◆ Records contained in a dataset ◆

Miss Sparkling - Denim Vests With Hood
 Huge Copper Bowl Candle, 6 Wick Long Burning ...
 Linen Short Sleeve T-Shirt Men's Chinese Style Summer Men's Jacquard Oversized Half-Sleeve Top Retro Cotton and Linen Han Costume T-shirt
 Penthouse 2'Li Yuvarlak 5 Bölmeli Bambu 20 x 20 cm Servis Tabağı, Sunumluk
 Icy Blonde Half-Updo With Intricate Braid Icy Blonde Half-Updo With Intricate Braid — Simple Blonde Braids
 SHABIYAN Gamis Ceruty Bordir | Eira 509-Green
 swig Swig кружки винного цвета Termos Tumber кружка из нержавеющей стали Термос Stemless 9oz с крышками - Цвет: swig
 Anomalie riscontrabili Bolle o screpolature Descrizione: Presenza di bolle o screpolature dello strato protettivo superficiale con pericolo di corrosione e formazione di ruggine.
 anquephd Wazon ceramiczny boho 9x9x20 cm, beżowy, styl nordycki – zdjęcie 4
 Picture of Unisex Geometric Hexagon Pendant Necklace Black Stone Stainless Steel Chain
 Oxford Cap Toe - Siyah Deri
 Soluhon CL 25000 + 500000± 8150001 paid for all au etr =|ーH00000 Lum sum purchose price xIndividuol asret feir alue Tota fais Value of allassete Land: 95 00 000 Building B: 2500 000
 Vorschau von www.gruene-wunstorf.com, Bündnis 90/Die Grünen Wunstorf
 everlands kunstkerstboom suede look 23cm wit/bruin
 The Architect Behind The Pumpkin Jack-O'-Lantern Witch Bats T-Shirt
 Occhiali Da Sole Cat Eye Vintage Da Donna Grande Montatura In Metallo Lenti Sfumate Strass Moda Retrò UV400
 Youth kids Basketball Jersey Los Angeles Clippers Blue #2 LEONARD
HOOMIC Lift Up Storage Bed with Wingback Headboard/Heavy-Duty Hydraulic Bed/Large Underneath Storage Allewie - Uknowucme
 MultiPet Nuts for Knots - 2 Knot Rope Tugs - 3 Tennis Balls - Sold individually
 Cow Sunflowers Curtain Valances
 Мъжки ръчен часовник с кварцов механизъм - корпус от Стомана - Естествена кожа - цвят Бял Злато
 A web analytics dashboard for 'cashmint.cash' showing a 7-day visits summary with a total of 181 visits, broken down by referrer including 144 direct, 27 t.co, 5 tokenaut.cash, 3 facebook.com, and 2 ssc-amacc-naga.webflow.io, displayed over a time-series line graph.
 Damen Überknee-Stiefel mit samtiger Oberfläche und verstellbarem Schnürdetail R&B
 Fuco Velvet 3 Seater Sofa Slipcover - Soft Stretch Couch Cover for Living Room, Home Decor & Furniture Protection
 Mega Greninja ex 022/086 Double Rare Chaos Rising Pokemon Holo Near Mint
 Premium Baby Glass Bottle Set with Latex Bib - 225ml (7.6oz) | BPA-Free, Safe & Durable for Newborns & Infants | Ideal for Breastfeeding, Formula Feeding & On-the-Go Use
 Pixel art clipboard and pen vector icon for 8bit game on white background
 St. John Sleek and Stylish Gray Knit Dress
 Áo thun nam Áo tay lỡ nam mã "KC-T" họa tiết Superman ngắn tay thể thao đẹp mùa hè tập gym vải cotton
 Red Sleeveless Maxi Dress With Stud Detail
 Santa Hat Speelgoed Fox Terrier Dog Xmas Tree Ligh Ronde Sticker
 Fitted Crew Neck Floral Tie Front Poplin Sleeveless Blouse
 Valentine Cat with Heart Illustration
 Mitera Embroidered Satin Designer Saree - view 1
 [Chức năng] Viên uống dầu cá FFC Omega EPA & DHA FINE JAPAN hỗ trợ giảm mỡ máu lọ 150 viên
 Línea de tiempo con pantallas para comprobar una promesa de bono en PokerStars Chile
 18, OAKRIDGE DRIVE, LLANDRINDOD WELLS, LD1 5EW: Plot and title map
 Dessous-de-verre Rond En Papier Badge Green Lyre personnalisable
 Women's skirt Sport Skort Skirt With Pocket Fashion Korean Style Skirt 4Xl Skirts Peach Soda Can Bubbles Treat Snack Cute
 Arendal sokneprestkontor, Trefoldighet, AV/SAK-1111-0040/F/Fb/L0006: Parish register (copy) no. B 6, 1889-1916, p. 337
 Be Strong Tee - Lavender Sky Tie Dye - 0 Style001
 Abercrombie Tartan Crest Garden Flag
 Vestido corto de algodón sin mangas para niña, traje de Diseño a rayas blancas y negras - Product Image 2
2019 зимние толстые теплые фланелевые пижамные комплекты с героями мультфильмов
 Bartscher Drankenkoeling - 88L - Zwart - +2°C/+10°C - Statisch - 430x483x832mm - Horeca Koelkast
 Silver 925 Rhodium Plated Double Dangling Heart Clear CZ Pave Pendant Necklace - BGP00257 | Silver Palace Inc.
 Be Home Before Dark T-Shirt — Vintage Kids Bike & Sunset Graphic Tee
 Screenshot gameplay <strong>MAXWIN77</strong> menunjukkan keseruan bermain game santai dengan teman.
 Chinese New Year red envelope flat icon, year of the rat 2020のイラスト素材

◆ Description of the task ◆
Please reproduce, exactly as written, the lines of the records from the first line through the one containing "swig Swig кружки".

◆ The answer ◆
Miss Sparkling - Denim Vests With Hood
 Huge Copper Bowl Candle, 6 Wick Long Burning ...
 Linen Short Sleeve T-Shirt Men's Chinese Style Summer Men's Jacquard Oversized Half-Sleeve Top Retro Cotton and Linen Han Costume T-shirt
 Penthouse 2'Li Yuvarlak 5 Bölmeli Bambu 20 x 20 cm Servis Tabağı, Sunumluk
 Icy Blonde Half-Updo With Intricate Braid Icy Blonde Half-Updo With Intricate Braid — Simple Blonde Braids
 SHABIYAN Gamis Ceruty Bordir | Eira 509-Green
 swig Swig кружки винного цвета Termos Tumber кружка из нержавеющей стали Термос Stemless 9oz с крышками - Цвет: swig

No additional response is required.